The new course took me from the Grand Army Plaza in Prospect Park, through Flatbush Avenue. We hit the Manhattan Bridge and got a tour of Chinatown. I kept it relatively conservative to save my energy for later and maintained a steady pace of 8:45/mile, in hopes of dropping down to 8:20/mile. There were a few miles through the FDR Drive. This part was such a mental drain. It took energy to dig deep and keep running. Upon approaching the United Nations, I eventually turned onto 42nd Street.
The second half would be the ultimate test. As I ran through Grand Central, I shut off my mind and raced like there is no tomorrow. The next turn was at 7th Avenue and it was a glorious victory dash through the iconic Times Square, some of my fastest splits. Once I entered Central Park to crush the final miles, muscle memory kicked in on this familiar turf. I nearly had a collision at mile 11, but I had a PR to chase with no time to spare so I got aggressive. The last 400 meters was an exhilarating, and painful downhill sprint.
I hit my moonshot. I finished it in 1:49:57!
I’m still in a state of bliss and shock. I have absolutely no idea how I did it. There were too many times throughout the race when I contemplated slowing down. Unlike the previous course, this route had a lot of mentally exhausting stretches because of the lack of cheering or sense of familiarity. On numerous occasions, I had to dig deep and overcome my physical and emotional pain to keep pushing. It was a cold and windy day. There were a lot of deceptively steep hills, sudden turns, and uneven, cracked roads.
Despite all this, I held onto the glimpse of hope that I could hit that sub-1:50 and kept running, even when the pain became unbearable. I can’t begin to describe how real it got when I hit the final 200 meter mark with less than 45 seconds to spare. The beastly sprinter in me from my college Track & Field days unleashed – the announcer even made a commentary about “the Dashing Whippets coming through, dashing towards the finish line!” I totally deserved that moment. I’m a sub-1:50 half marathoner and quite frankly, I don’t even recognize myself!
I love that this race takes place in March. It gave me something big to work towards during the winter, especially after the marathon high died down. Overall, I enjoy winter running but it’s a struggle to maintain consistency throughout the cold months. I even got sick twice during this training cycle. But regardless of how challenging it was, I loved the process. I pushed through the workouts with my Whippet comrades. They really took me outside of my comfort zone and I can’t credit them enough for this incredible PR. And nothing compares to their cheering stations. I have no words for how fortunate I am to be part of this team.

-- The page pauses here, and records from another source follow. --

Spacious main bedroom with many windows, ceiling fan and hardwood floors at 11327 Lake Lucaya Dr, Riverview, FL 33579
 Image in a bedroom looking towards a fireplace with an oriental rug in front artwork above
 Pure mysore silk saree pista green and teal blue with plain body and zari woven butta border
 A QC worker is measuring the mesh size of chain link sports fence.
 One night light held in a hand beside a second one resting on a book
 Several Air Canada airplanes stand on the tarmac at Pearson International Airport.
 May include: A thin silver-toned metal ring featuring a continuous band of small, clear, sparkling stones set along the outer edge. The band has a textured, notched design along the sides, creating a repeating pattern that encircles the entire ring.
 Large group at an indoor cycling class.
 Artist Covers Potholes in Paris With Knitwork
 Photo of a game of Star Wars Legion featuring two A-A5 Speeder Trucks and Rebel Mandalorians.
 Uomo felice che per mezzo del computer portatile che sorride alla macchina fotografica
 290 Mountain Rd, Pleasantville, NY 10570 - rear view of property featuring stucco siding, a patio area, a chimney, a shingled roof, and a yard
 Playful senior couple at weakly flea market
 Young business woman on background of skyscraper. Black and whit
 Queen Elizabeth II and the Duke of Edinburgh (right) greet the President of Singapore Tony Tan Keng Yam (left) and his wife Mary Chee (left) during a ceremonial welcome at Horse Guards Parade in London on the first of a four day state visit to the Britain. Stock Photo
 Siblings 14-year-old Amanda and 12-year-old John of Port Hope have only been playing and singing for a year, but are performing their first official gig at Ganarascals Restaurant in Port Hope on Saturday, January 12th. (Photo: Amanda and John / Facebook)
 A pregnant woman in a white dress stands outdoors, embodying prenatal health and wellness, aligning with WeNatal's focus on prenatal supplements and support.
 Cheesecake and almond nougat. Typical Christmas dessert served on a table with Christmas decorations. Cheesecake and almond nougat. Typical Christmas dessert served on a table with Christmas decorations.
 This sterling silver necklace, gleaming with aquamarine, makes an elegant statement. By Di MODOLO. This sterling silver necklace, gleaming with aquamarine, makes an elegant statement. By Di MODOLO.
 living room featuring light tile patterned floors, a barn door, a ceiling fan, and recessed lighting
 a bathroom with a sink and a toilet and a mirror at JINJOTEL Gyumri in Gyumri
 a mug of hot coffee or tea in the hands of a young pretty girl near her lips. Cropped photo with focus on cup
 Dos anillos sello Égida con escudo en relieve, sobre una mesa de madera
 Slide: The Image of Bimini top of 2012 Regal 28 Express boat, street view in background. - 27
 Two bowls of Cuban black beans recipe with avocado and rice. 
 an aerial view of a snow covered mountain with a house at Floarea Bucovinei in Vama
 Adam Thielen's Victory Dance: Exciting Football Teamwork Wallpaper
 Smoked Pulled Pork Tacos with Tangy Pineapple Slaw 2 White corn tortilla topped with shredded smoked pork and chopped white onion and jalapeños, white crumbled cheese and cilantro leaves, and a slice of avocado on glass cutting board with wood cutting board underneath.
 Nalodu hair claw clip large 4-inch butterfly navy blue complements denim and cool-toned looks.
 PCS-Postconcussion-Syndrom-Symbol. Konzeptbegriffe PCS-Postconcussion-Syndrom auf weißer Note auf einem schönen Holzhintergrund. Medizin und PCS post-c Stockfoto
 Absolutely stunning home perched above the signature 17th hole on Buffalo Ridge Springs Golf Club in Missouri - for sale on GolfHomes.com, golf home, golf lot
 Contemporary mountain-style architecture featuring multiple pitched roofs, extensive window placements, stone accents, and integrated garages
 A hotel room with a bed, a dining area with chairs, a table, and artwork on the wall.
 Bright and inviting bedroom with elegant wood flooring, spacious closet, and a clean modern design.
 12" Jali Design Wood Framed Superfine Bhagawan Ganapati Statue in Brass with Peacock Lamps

If there’s one major thing I took away from this, it’s that I can do a lot more than I think. I literally say that in every single post-race recap and somehow it hasn’t stuck yet (or that the doubt always kicks back in). As I’m going through a major career change into UX, believing in myself has been one of the hardest things to do. I fear applying to product roles because I think I’m not qualified enough. I shy away from reaching out to industry leaders because of fear of rejection. I need to set moonshot goals for this part of my life too and I might surprise myself.
It’s still up for debate whether I’ll be back for round three. But with my history of getting big PRs at this race, it’s tempting to sign up again. Who knows what will happen. Finally, from the bottom of my heart, I’d love to thank all those that played a big role in supporting this race behind the scenes – the NYRR staff, volunteers, City agencies, and of course, my Whippets teammates who take training, racing and especially cheering seriously – thank you. You all make it possible to keep closing the gap between me and a BQ.